▸ REQUIRED ACTION: Since the records include pictures, leave those out while you reproduce exactly and only the lines from the one containing "Bulldozers moving piles of snow" through the one containing "A functional kitchen", inclusive.

▸ DATA FOR REVIEW:
◇ ◇ ◇ ◇ ◇

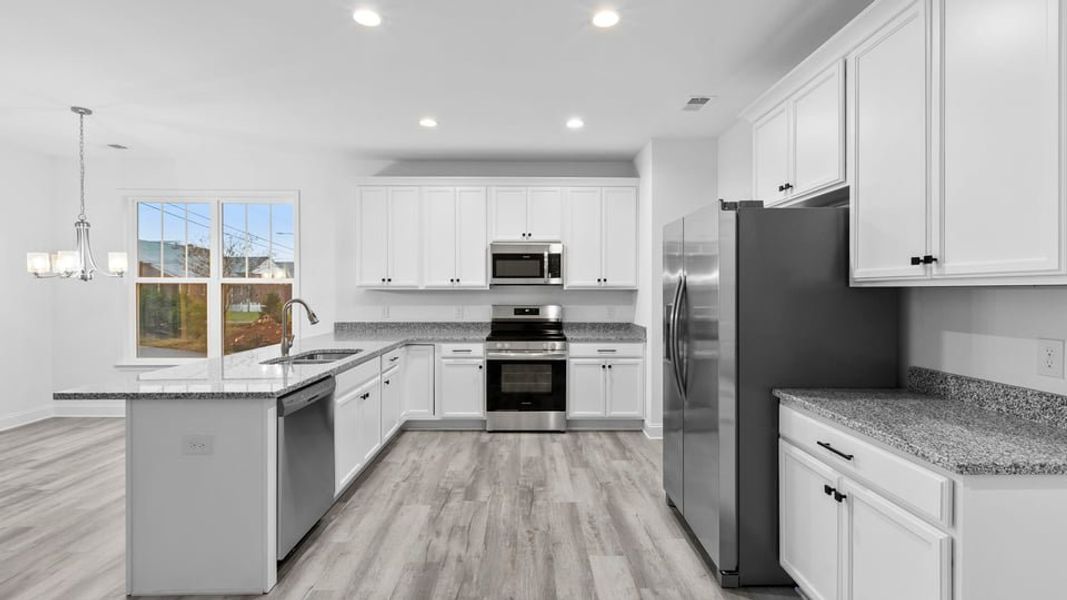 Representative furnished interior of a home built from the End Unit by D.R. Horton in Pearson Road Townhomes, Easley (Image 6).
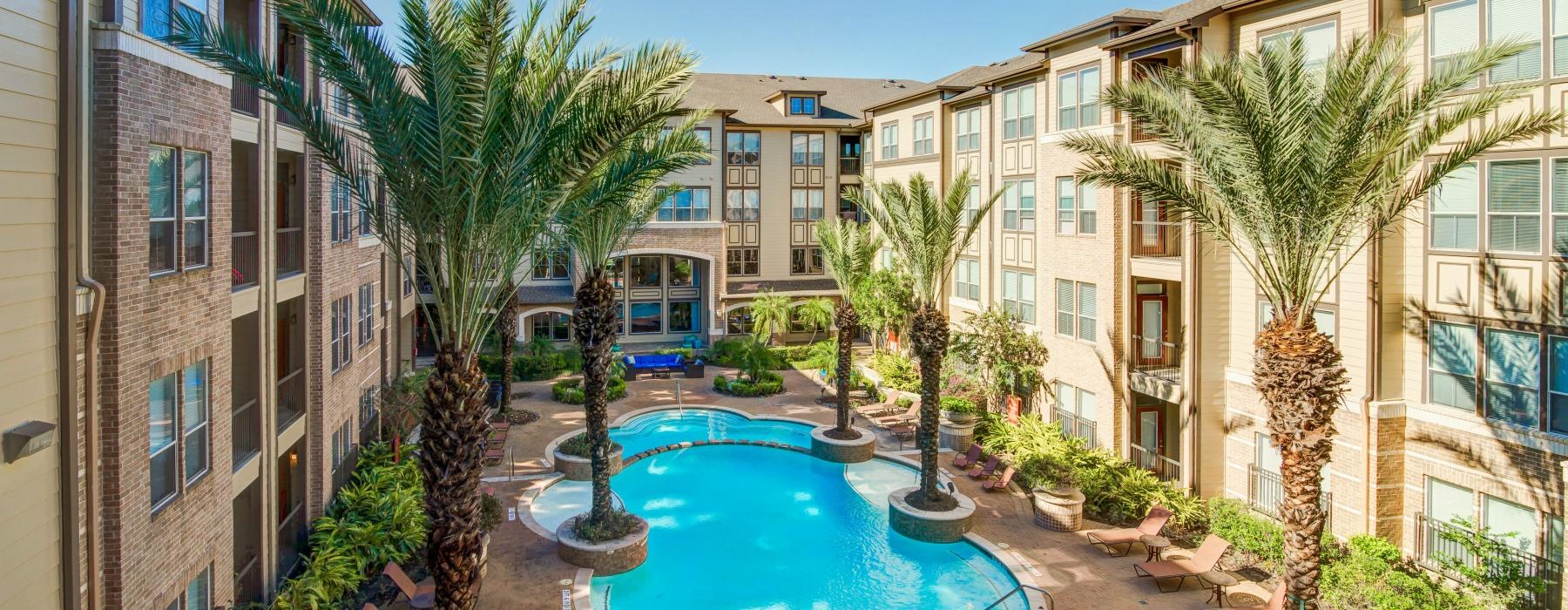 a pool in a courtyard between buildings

◇ ◇ ◇ ◇ ◇

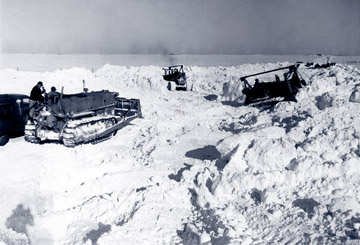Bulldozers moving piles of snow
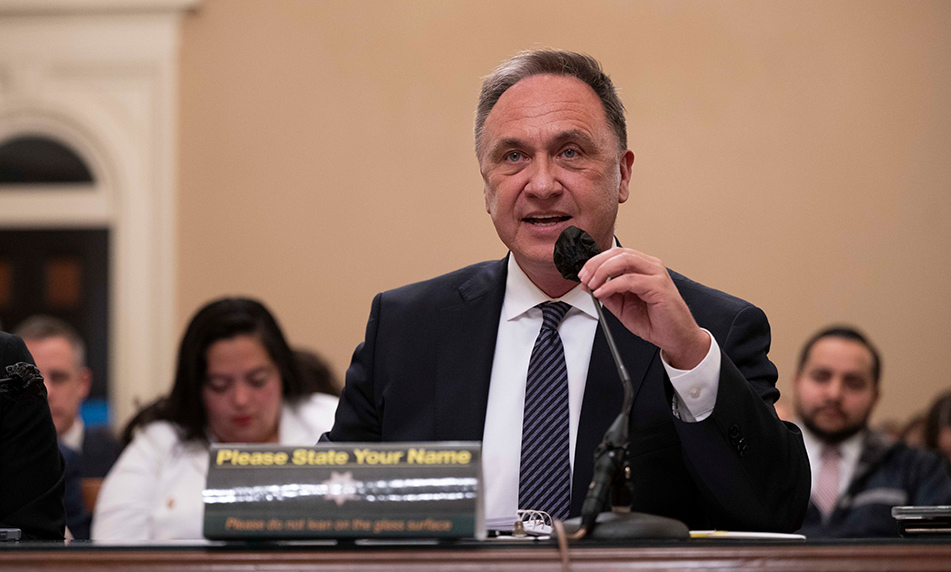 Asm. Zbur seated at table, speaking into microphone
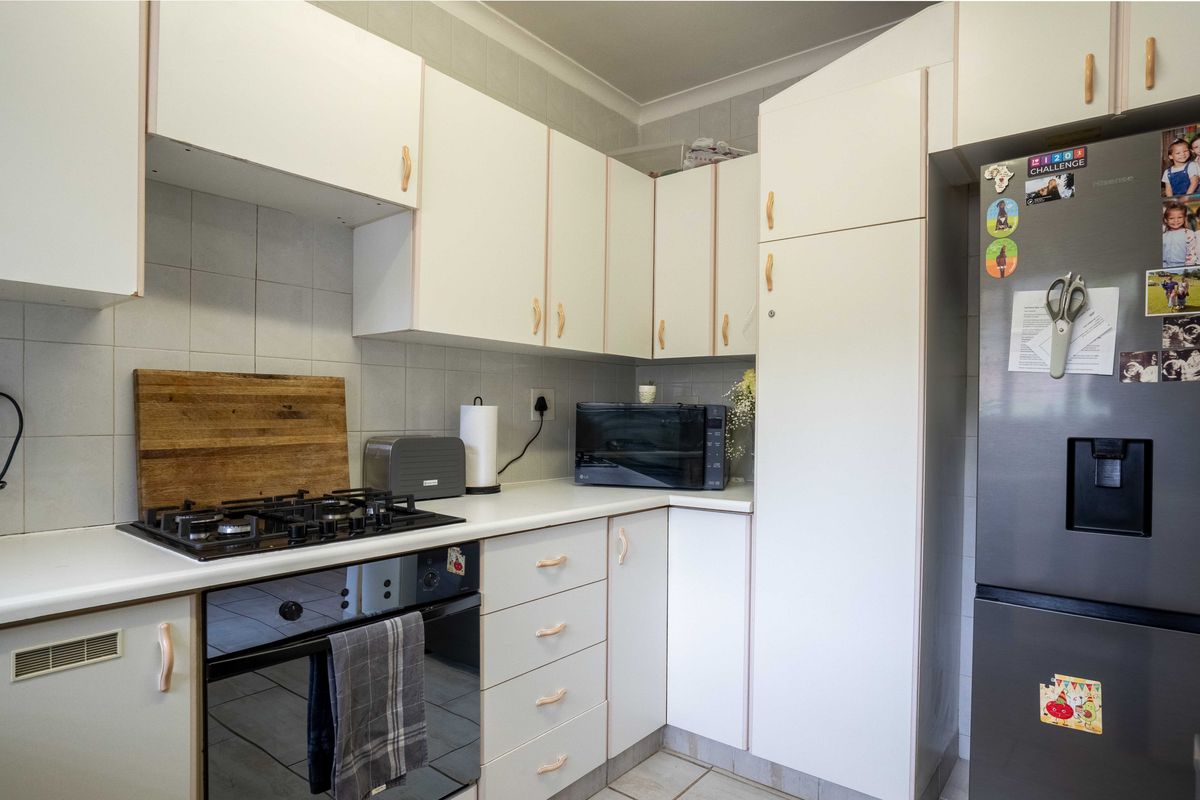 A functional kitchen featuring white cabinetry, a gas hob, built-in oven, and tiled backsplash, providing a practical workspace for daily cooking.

◇ ◇ ◇ ◇ ◇

▸ TASK SOLUTION:
Bulldozers moving piles of snow
 Asm. Zbur seated at table, speaking into microphone
 A functional kitchen featuring white cabinetry, a gas hob, built-in oven, and tiled backsplash, providing a practical workspace for daily cooking.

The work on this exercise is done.